The sequence functions carry an immense amount of
overhead. As a result, POSITION, COUNT etc. are much
slower than one would expect.

I advocate that CLISP should recognize optimizable
cases and handle them internally. The time to test
internally at run-time for optimizable cases is
negligible compared to the full-blown sequence and
stepping overhead.

Specifically, I advocate that CLISP handles optimizable
cases transparently and does not expose something like
EXT:VECTOR-POSITION. CLISP should encourage portable
code and thus use of POSITION etc., with guarantees
that it will be fast where it can be.

Optimizable cases are, at a glance
o vector instead sequence (possibly only string or
unsigned-byte 8/16/32)
o and test EQ or EQL (or maybe CHAR= and = with
corresponding array element-type)
o with KEY #'IDENTITY
o :from-end is optimizable as well (means almost
duplicate code).

So far, I only implemented string-position, ignoring
test and from-end. Maybe somebody will want to
continue work from this.

Discussion

  • Jörg Höhle
    Jörg Höhle
    2003-02-18

    fast STRING-POSITION

     
    Attachments
  • Paul F. Dietz
    Paul F. Dietz
    2003-02-18

    Logged In: YES
    user_id=638212

    If you have a special case, you want to put it into its own
    internal lisp function, then add a compiler macro that tries
    to figure out (at compile time) if any of the special cases
    apply. Otherwise, the general case function will attempt to
    figure it out at run time and call the appropriate special
    case function.

    You should look in other lisps and use DISASSEMBLE to
    determine which special cases are compiled in this way.
    Allegro CL, for example, compiles (ASSOC ... :TEST #'EQ)
    specially.

     
  • Jörg Höhle
    Jörg Höhle
    2003-02-18

    Logged In: YES
    user_id=377168

    It's precisely the "otherwise" (run-time) cases that I'm
    after. Without type inference la Python/CMUCL, there's no
    way to know before run-time whether (position elt x) will be
    called on a vector. Same for (CONCATENATE 'STRING
    ,@only-strings). (position char "") does not make for
    an interesting compile-time case. Nor does :test
    #<some-built-in-function>.

     
  • Jörg Höhle
    Jörg Höhle
    2003-02-26

    fastseq.d working with clisp-2.30

     
    Attachments
  • Jörg Höhle
    Jörg Höhle
    2003-02-26

    Logged In: YES
    user_id=377168

    Here's my fastseq.d working as a module with clisp-2.30 (due
    to renaming orgy between 2.28 and 2.30).

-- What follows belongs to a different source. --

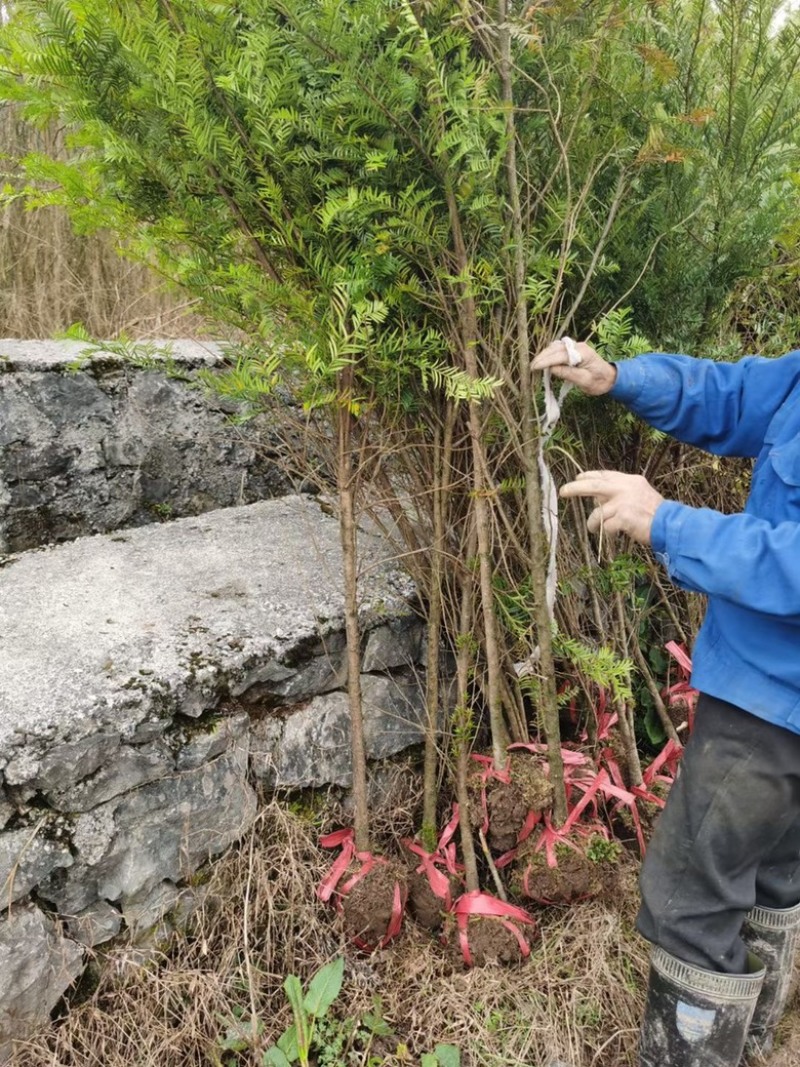 珙桐树苗基地直发植物活珙桐苗中国鸽子花树苗水梨子小苗种子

    Here are timings of my application:
    ;-- using position
    Real time: 135.09164 sec.
    Run time: 132.84 sec.
    Space: 33_810_380 Bytes
    GC: 64, GC time: 0.81 sec.

    ;-- using ext::vector-position
    Real time: 46.52058 sec.
    Run time: 44.54 sec.
    Space: 57_954_024 Bytes
    GC: 110, GC time: 1.53 sec.
    [There's more GC because the app even did an extra analysis
    in this testcase, which the slow version did not].

    It's only using this fast implementation of position that I
    can achieve my goal of beating perl 10 times speedwise.